> **Goal of the exercise**:
Make an exact copy, from the records below, of the lines from the line containing "Ivory Washable Rug" to the line containing "Load image into", both lines included, excluding pictures.

> **Dataset records**:
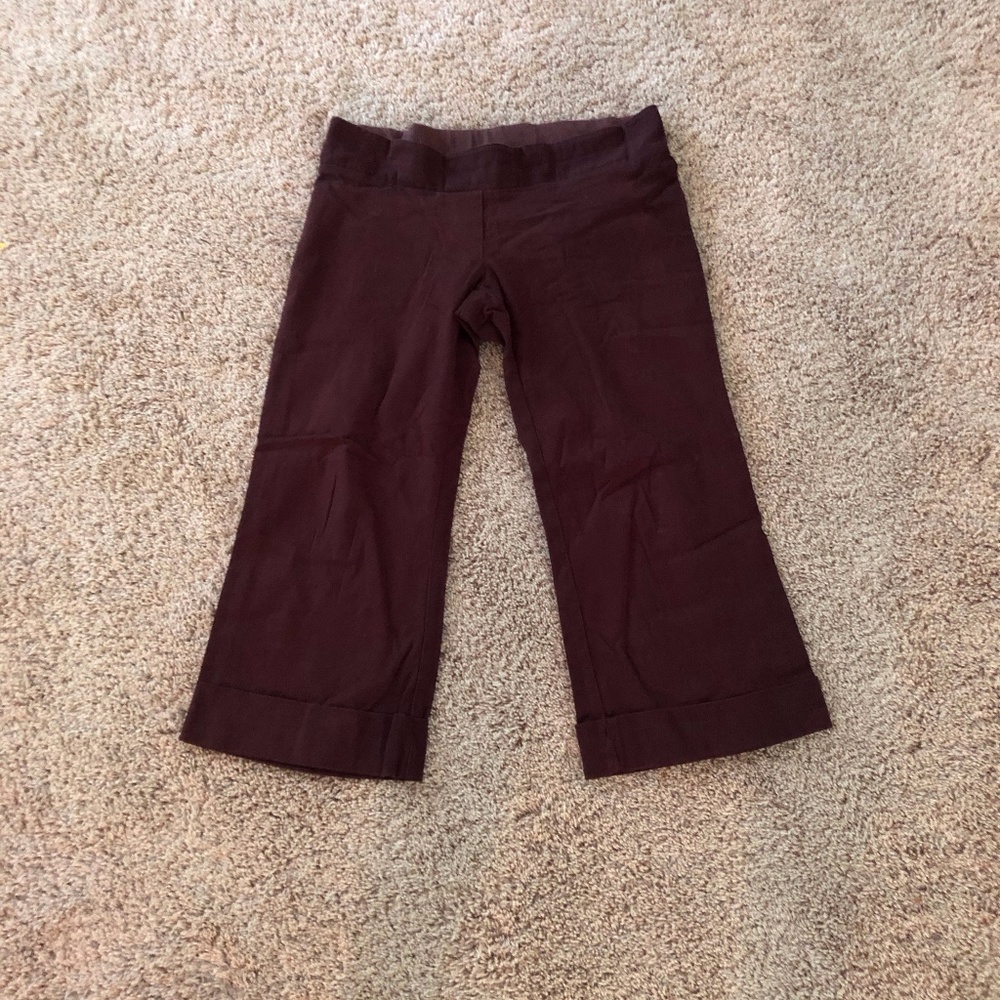 Chiara Kruza Maternity Cuffed Culottes/ Wine color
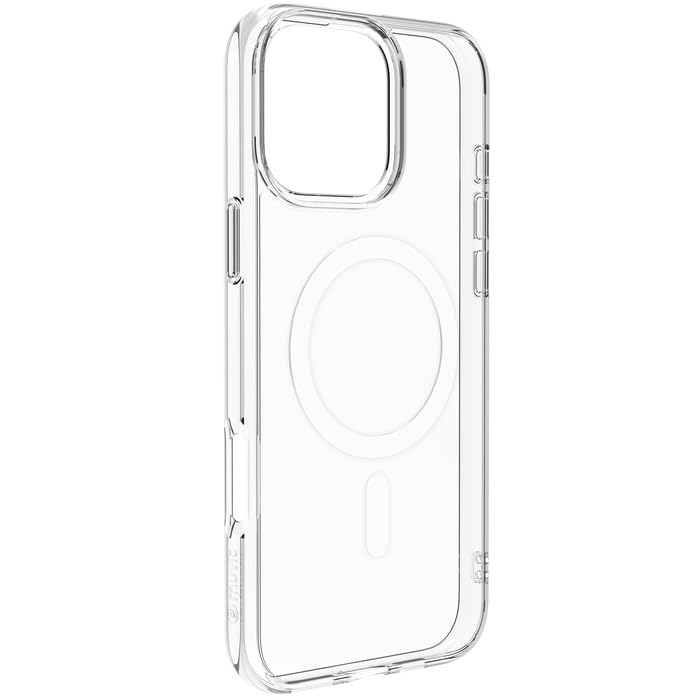 Muvit for France Coque Transparente Recyclée MagSafe Antichoc 2 mètres pour iPhone 16 Pro Max - Origine France Garantie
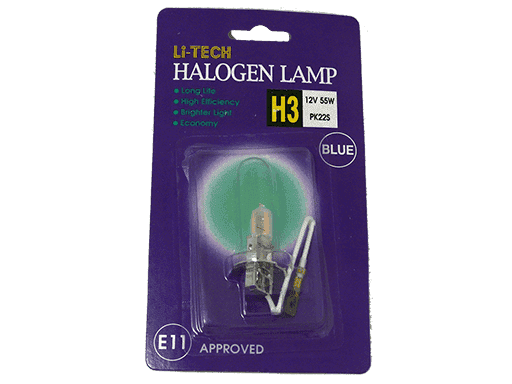 AMPOLLETAS H3 12V 55W - AZUL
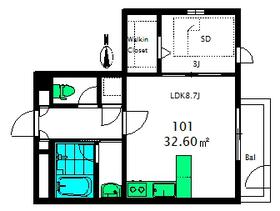 Ota-ku, Tokyo Nishirokugo 2
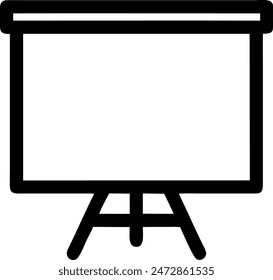 Projektorbildschirm-Symbol, Vektorgrafik-Zeichen oder -Symbol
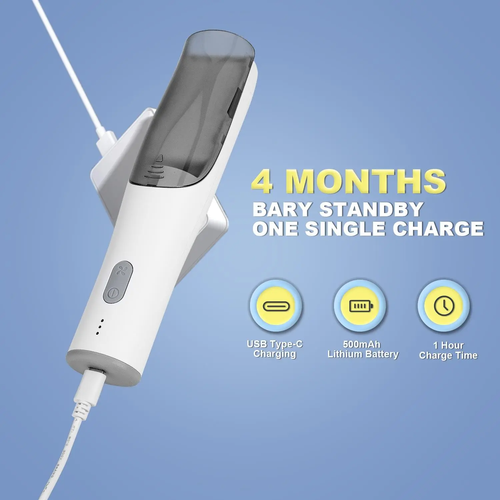 1 set of electric baby hair clippers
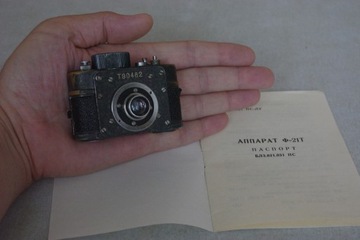 ## Subminiature spy camera "Ajax F-21" + PASSPORT.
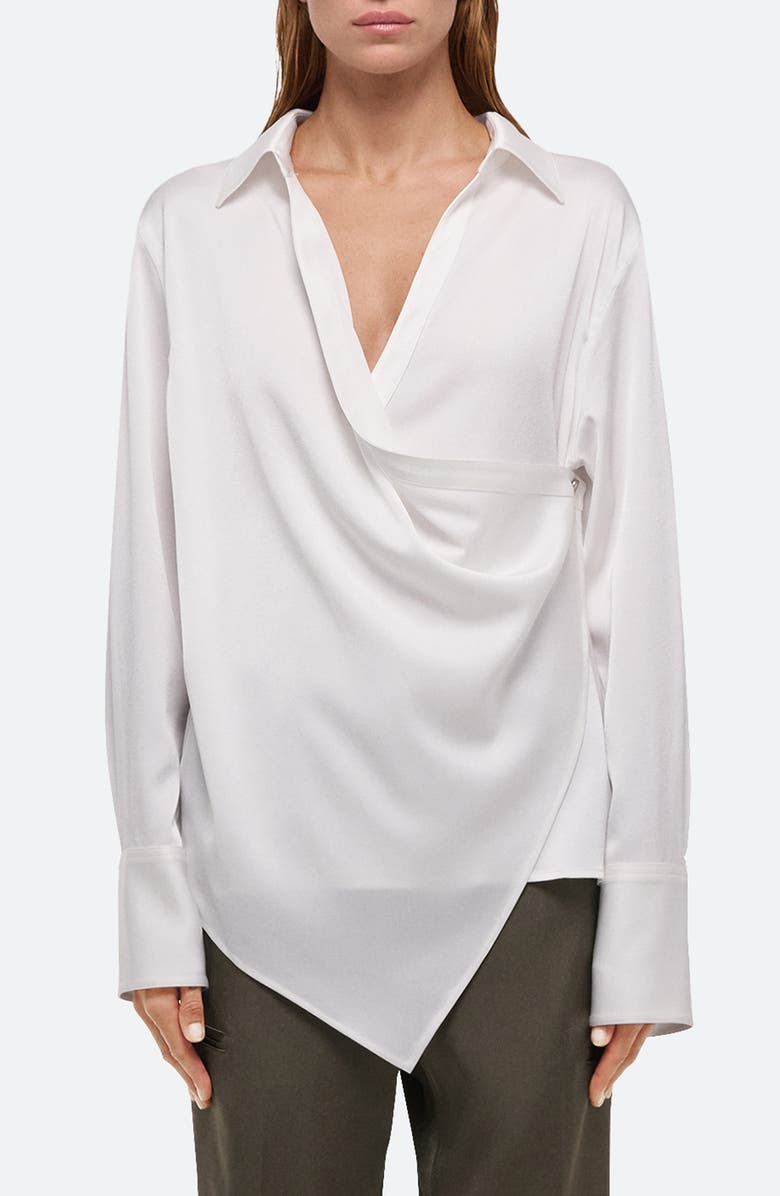 Helmut Lang Relax Faux Wrap Shirt, Main, color,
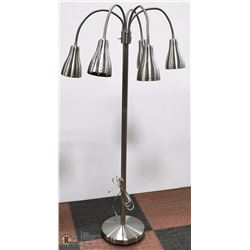 HAMPTON BAY 5 FLEX LIGHT DIMMING FLOOR LAMP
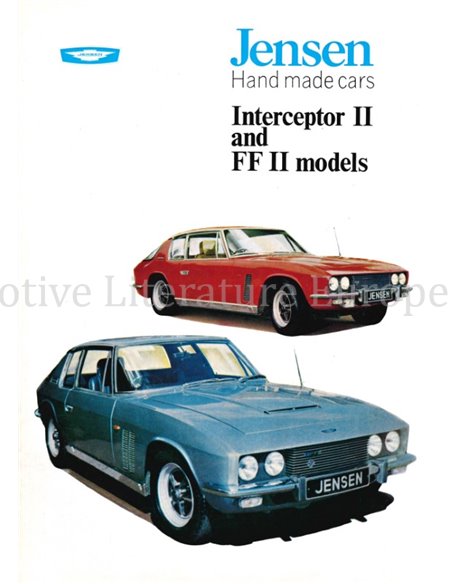 1964 JENSEN BROCHURE ENGELS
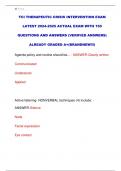 TCI THERAPEUTIC CRISIS INTERVENTION EXAM LATEST 2024-2025 ACTUAL EXAM WITH 150  QUESTIONS AND ANSWERS (VERIFIED ANSWERS)  ALREADY GRADED A+(BRANDNEW!!!)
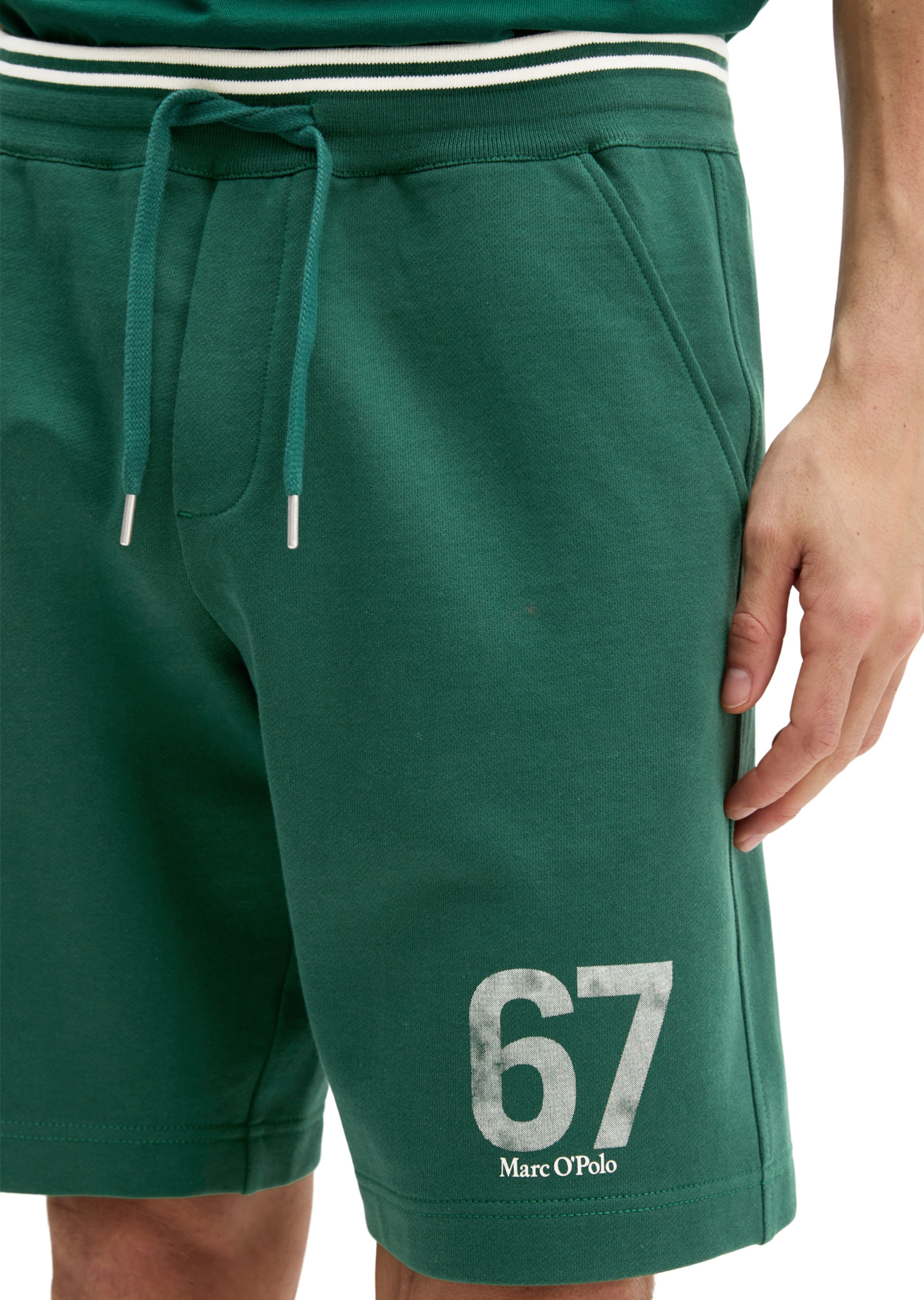 Marc O'Polo Regular Trousers in Green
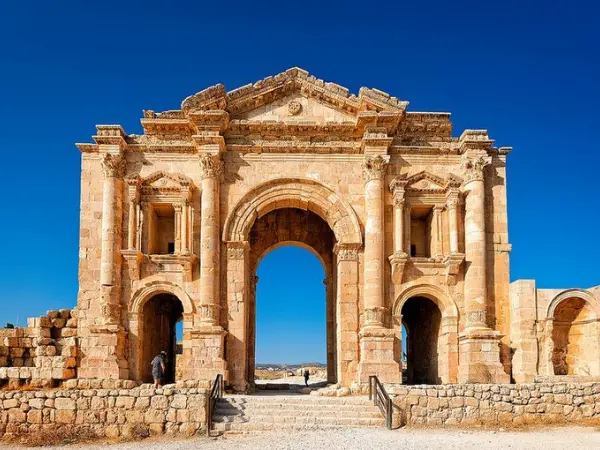 Arch of Hadrian in Jerash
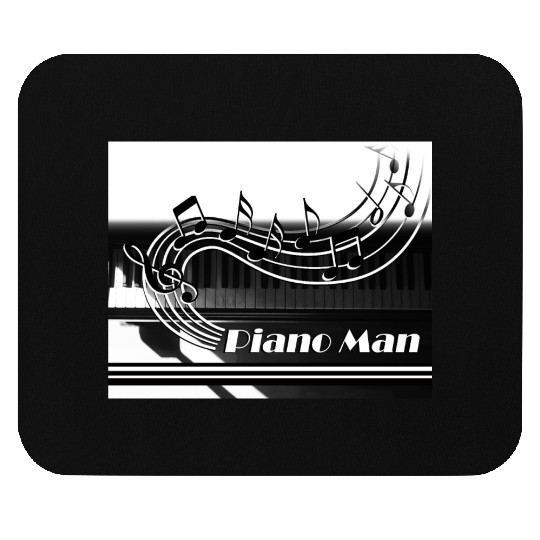 Piano Man Mouse Pads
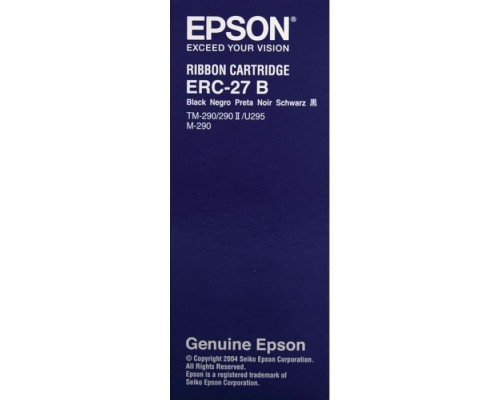 Картридж Epson ERC-27 Black для TM-290/290II, TM-U (C43S015366)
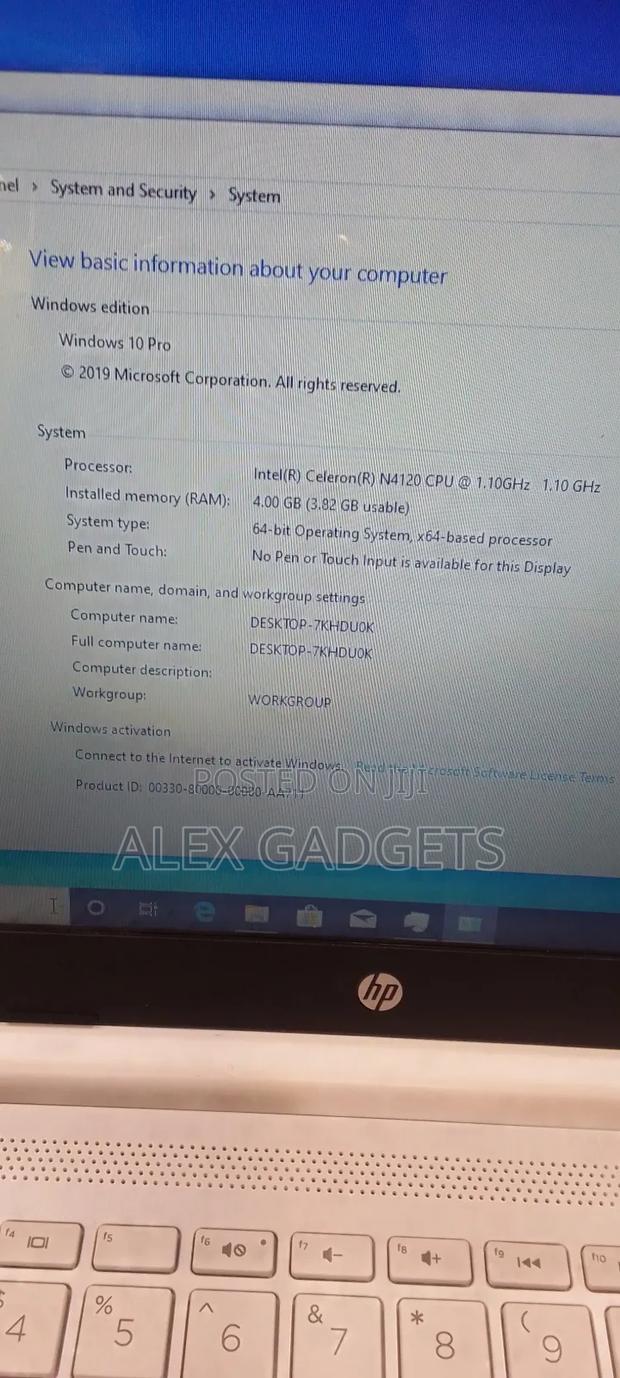 Laptop HP 4GB Intel Celeron HDD 60GB · Photo 2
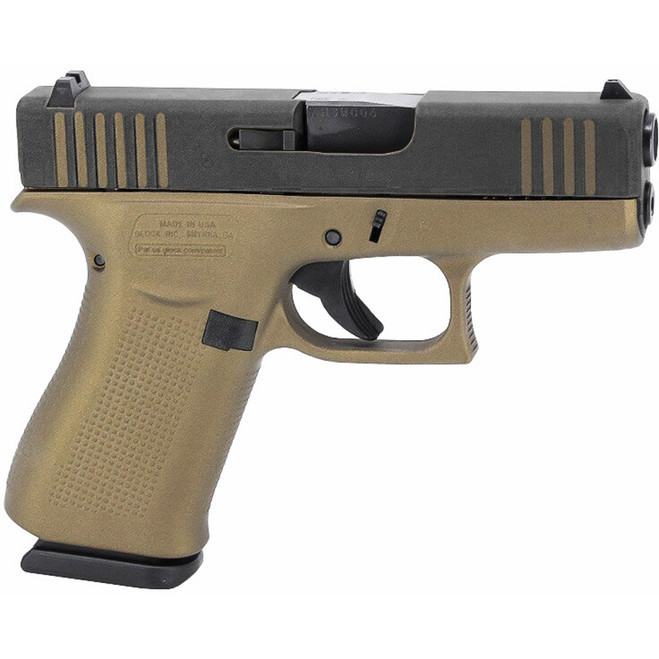 Glock 43X Pistol 9mm 3.41 in. OD Green 10 rd. - Freedom Armory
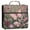 Delicate Butterfly, variant on Water-Resistant 3-Ring Binder Organizer with Multiple Pockets Zipper Binder Bag for Office White Floral Pattern
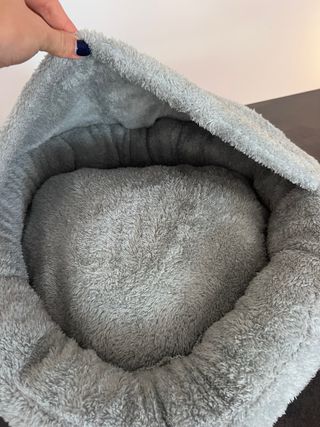 Cama para gato/perro suave gris Tipo nido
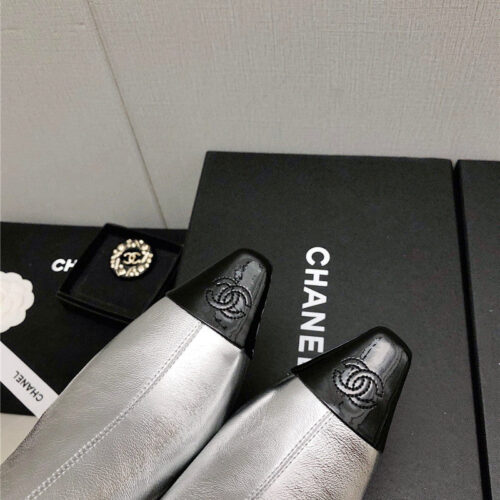 High Quality Luxury Chanel Classic Color Block Ankle Boots – Style 36454 product detail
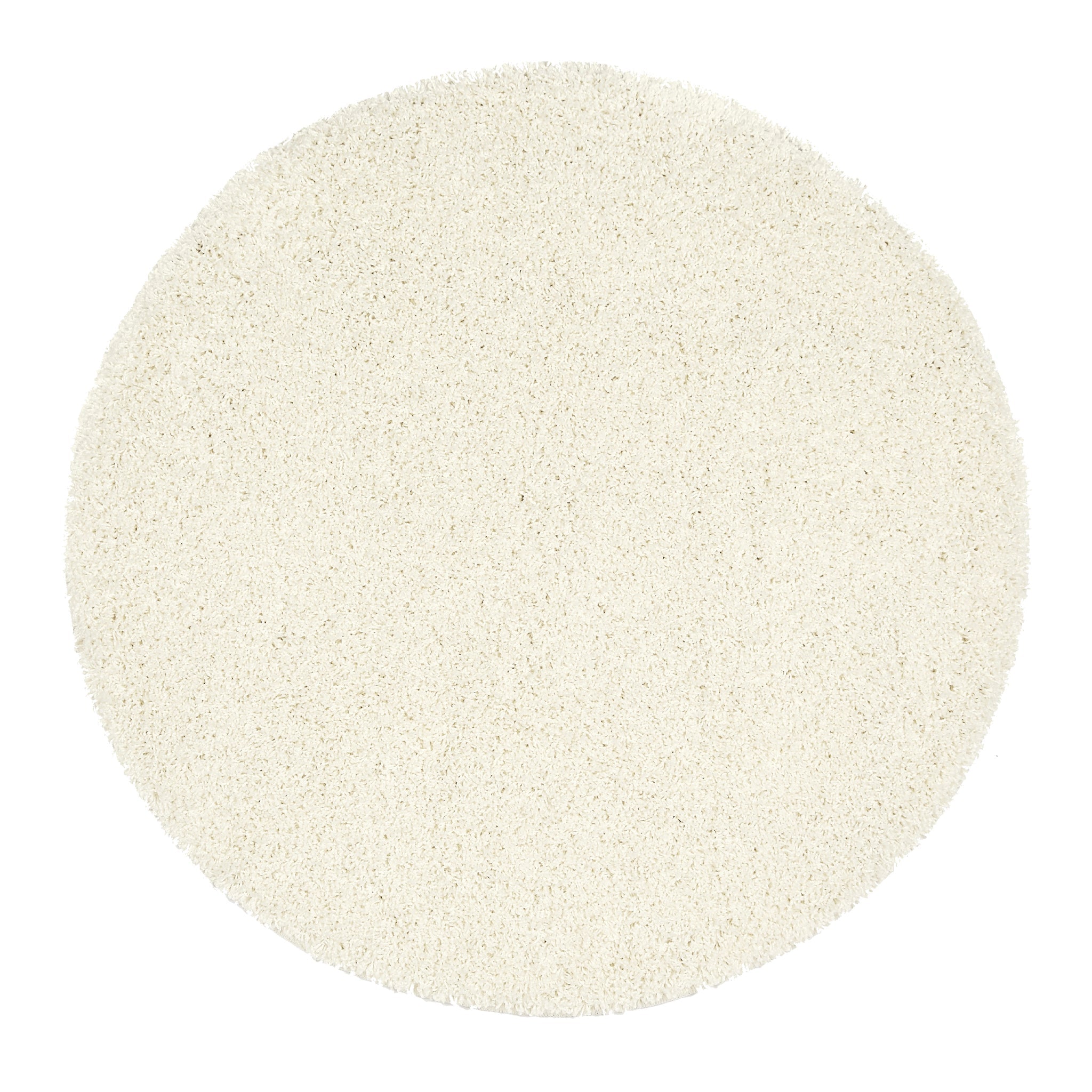 Ivory Washable Rug in a solid white colour, fully machine washable.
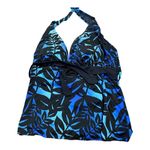 Tankini Swim‎ Top Blue Size M Photo 0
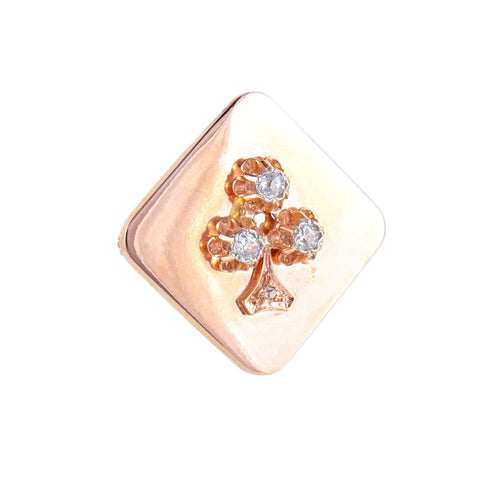 Broche Broche Trèfle 58 Facettes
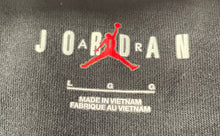 Load image into Gallery viewer, Air Jordan Mens Black Crew Neck Short Sleeve Pullover Graphic T-Shirt Size Large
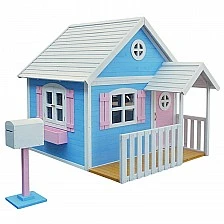 Μεγάλο Ξύλινο Παιδικό Σπίτι με Βεράντα GINGER HOME, 194x229x210 cm, για παιχνίδια και ψυχαγωγία εξωτερικού χώρου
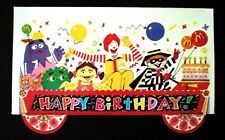 RARE  VERY HARD TO FIND 1990's Ronald McDonald Happy Birthday Party Hat - NEW picture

> **Written answer**:
 Ivory Washable Rug in a solid white colour, fully machine washable.
 Tankini Swim‎ Top Blue Size M Photo 0
 Broche Broche Trèfle 58 Facettes
 Load image into Gallery viewer, Air Jordan Mens Black Crew Neck Short Sleeve Pullover Graphic T-Shirt Size Large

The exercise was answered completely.